For those who would constantly rest fast bowlers while wrapping them in cotton wool, Jimmy Anderson had a message yesterday. “I think I need another game, I think I need to get more miles in my legs,” he said.
It was by way of Anderson’s personal plea to be allowed to play in England’s match against Australia A which starts at the former Bellerive Oval tomorrow. As the leader of the attack and its most important component, he is likely to have his way unless the management and their advisers think the final warm-up game in Sydney next week might be a wiser option. That match finishes five days before the start of the first Test of the Ashes series in Brisbane.
“You can bowl as much as you want in the nets,” said Anderson. “But actually getting the overs in your legs, and having a second and third spell through the day, and having to stay out in the field, is a completely different feeling. Then trying to bowl again in the morning, when you can barely get out of bed, is something you need to get used to again.”

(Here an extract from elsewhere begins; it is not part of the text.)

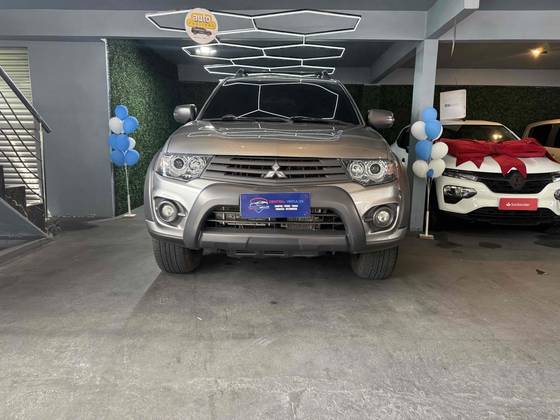 MITSUBISHI L200 OUTDOOR 3.2 4X4 CD 16V TURBO INTERCOOLER DIESEL 4P AUTOMÁTICO MITSUBISHI L200 OUTDOOR 3.2 4X4 CD 16V TURBO INTERCOOLER DIESEL 4P AUTOMÁTICO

Anderson was the only one of the four England fast bowlers to be bang on the button in the opening match in Perth last week. With Stuart Broad, his Test opening partner, certain to play, it is possible that England may not wish to show too much of their hand at this stage.
Several of Australia’s A batsmen are in contention for the Test team, but then, given the lack of direction and recent success, that is probably true of almost all the country’s professional cricketers. George Bailey, hotly tipped to make a debut, is not on duty, but his fellow Tasmanian, Alex Doolan, is in the team.
Doolan, who is 28 later this month and from Launceston like both Bailey and Ricky Ponting, is in prime form. He made a century in the opening Sheffield Shield match last week, which followed a splendid 2012-13 season.
“I’m sure it is my big chance,” he said yesterday. “It’s no secret the Australian team hasn’t been performing the way everyone would’ve liked. So I’m lucky I’m in the boat with quite a few others and fortunate to be playing this game against England, whether this is my one and only chance I don’t know.”
As well as Broad, England will bring in Alastair Cook, the captain, Graeme Swann and Kevin Pietersen for their first appearances of the tour.
Matt Prior, who stood in for Cook as captain in last week’s curtain-raiser, was aware of the shortcomings. He said: “It was important to get the cobwebs out with that first game. There was gradual improvement over the three days and against Australia A so we have to improve again on the pitch. We are here to win games of cricket.”